Another theory focuses on predisposing and precipitating factors. Those factors could include:
These factors, combined with an immediate stressor such as the loss of a loved one, illness, or drug use set off a chain reaction of anxiety. After a series of panic attacks, automatic thoughts are engaged that lead to faulty conclusions about dangers. Thus, agoraphobia develops from an association between panic attacks and certain situations, driven by automatic thoughts.
The theory of panic attacks as a result of selective focusing on panicogenic interoception states that panic disorder patients give excessive attention to somatic sensations. They notice, perceive, and react to bodily stimuli, which then triggers a panic attack. Another interpretation of the theory says that instead of paying too much attention, panic disorder patients have more accurate and sensitive perceptions of somatic changes.

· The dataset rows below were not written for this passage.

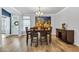 Spacious dining room with hardwood floors, a modern chandelier, and vibrant artwork at 2418 Goldfinch Dr., Myrtle Beach, SC 29577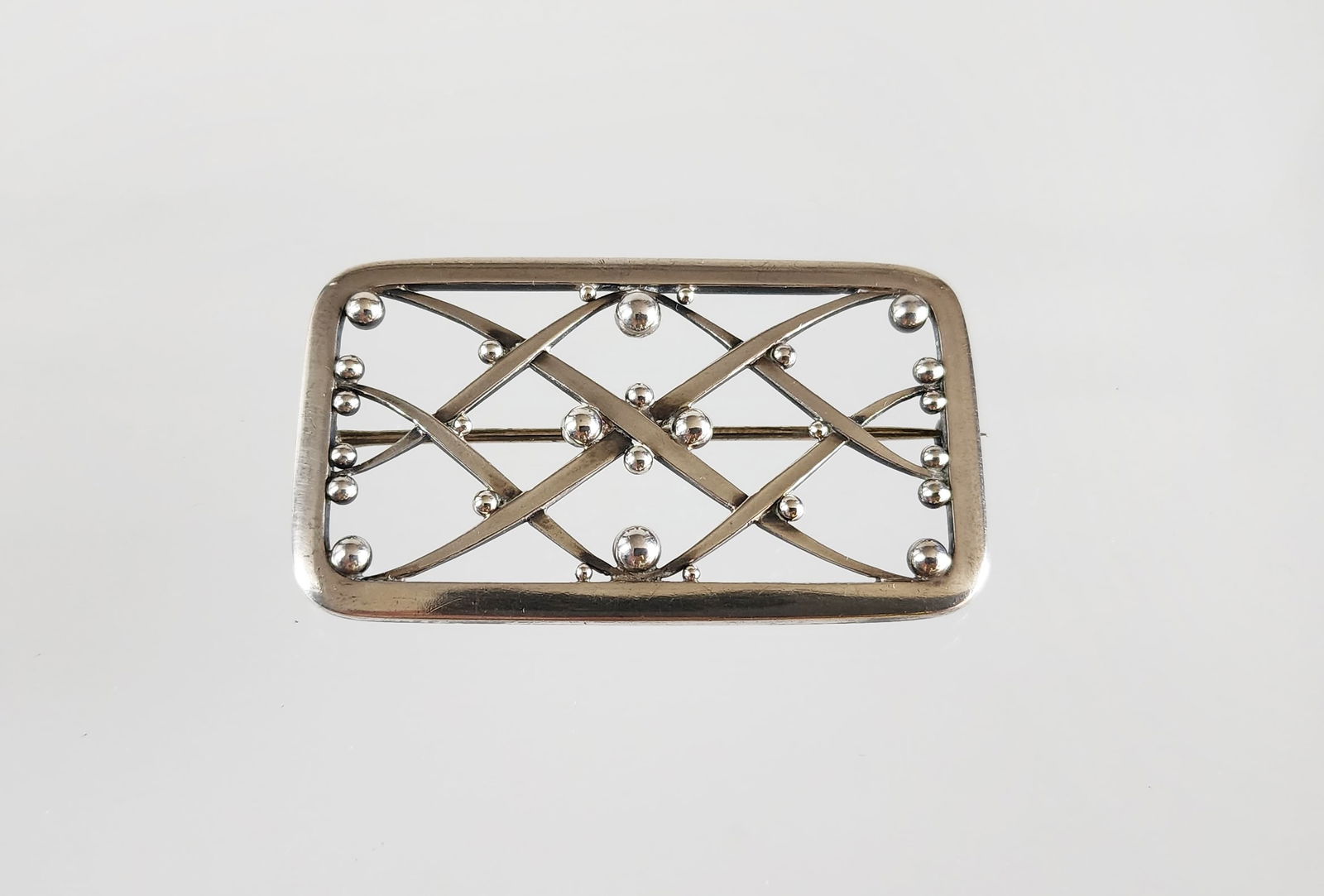 Estate Vintage Georg Jensen Sterling Silver Trellis Brooch: Estate Vintage Georg Jensen Sterling Silver Trellis Brooch. Size 2 1/8 x 1 1/4 inches. Marks: Georg Jensen/ Sterling/ Denmark/ 266. Total weight: 11.2 grams. Provenance: Estate of Victoria Salter (194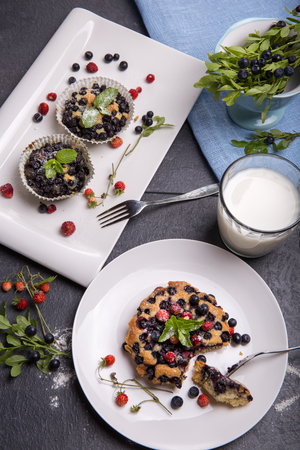 Berry muffin with blueberries and strawberries on a white plate and a wooden table served with milk and and fresh berriesの写真素材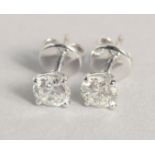 A GOOD PAIR OF SINGLE STONE DIAMOND EARRINGS, approx. .75 carat each.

In the learned alarm reaction model, panic attack is a fight or flight reaction without any real danger. When the physiological sensations are paired with the false alarm, the reaction then becomes maladaptive.
The theory of simple and complex agoraphobia says that anxiety caused by trauma, drugs, or illness would be simple, and agoraphobia caused by personality or psychological factors would be complex. Some other examples of simple phobias are animal phobias, bodily phobias, and sexual phobias.
Complex phobias are usually more disabling. In patients with complex agoraphobia, anticipation creates a vicious cycle of avoidance and fear triggers.
A final theory suggests that the primary symptom of panic attack, hyperventilation, is itself the cause of panic attack with agoraphobia. Contrary to the traditional view, that the panic attack is initiated by fear, this theory proposes that unexpected bodily sensations are the initial trigger for the disorder. One study showed that in a group of agoraphobes, almost all experienced symptoms of a panic attack before any fear developed.